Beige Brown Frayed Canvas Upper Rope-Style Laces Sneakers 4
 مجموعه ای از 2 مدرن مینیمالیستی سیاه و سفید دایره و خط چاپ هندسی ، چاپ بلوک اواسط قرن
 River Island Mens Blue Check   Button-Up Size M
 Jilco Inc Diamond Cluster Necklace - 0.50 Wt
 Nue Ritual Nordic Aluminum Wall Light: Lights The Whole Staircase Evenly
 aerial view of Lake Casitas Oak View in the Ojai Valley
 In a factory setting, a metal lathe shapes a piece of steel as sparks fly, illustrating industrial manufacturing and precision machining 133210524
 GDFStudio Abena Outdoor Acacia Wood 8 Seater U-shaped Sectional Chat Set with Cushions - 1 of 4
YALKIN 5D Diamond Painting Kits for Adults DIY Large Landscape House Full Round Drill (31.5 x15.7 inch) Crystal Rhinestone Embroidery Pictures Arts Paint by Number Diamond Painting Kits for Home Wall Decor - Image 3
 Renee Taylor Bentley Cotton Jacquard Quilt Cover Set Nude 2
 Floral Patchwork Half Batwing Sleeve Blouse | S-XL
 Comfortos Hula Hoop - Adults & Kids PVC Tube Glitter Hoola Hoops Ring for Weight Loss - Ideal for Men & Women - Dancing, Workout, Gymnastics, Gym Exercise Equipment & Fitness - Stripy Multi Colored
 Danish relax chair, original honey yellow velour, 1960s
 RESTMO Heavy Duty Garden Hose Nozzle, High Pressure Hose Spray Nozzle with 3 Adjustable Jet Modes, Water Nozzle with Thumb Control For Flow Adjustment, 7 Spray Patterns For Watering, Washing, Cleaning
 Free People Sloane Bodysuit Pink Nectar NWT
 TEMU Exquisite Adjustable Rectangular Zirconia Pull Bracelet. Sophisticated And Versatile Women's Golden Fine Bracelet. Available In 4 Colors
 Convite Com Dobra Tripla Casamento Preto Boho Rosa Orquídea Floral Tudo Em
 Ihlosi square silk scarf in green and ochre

* PROBLEM REQUIREMENTS:
Your task is to copy every entry above, exactly as written.

* RESULT:
Beige Brown Frayed Canvas Upper Rope-Style Laces Sneakers 4
 مجموعه ای از 2 مدرن مینیمالیستی سیاه و سفید دایره و خط چاپ هندسی ، چاپ بلوک اواسط قرن
 River Island Mens Blue Check   Button-Up Size M
 Jilco Inc Diamond Cluster Necklace - 0.50 Wt
 Nue Ritual Nordic Aluminum Wall Light: Lights The Whole Staircase Evenly
 aerial view of Lake Casitas Oak View in the Ojai Valley
 In a factory setting, a metal lathe shapes a piece of steel as sparks fly, illustrating industrial manufacturing and precision machining 133210524
 GDFStudio Abena Outdoor Acacia Wood 8 Seater U-shaped Sectional Chat Set with Cushions - 1 of 4
YALKIN 5D Diamond Painting Kits for Adults DIY Large Landscape House Full Round Drill (31.5 x15.7 inch) Crystal Rhinestone Embroidery Pictures Arts Paint by Number Diamond Painting Kits for Home Wall Decor - Image 3
 Renee Taylor Bentley Cotton Jacquard Quilt Cover Set Nude 2
 Floral Patchwork Half Batwing Sleeve Blouse | S-XL
 Comfortos Hula Hoop - Adults & Kids PVC Tube Glitter Hoola Hoops Ring for Weight Loss - Ideal for Men & Women - Dancing, Workout, Gymnastics, Gym Exercise Equipment & Fitness - Stripy Multi Colored
 Danish relax chair, original honey yellow velour, 1960s
 RESTMO Heavy Duty Garden Hose Nozzle, High Pressure Hose Spray Nozzle with 3 Adjustable Jet Modes, Water Nozzle with Thumb Control For Flow Adjustment, 7 Spray Patterns For Watering, Washing, Cleaning
 Free People Sloane Bodysuit Pink Nectar NWT
 TEMU Exquisite Adjustable Rectangular Zirconia Pull Bracelet. Sophisticated And Versatile Women's Golden Fine Bracelet. Available In 4 Colors
 Convite Com Dobra Tripla Casamento Preto Boho Rosa Orquídea Floral Tudo Em
 Ihlosi square silk scarf in green and ochre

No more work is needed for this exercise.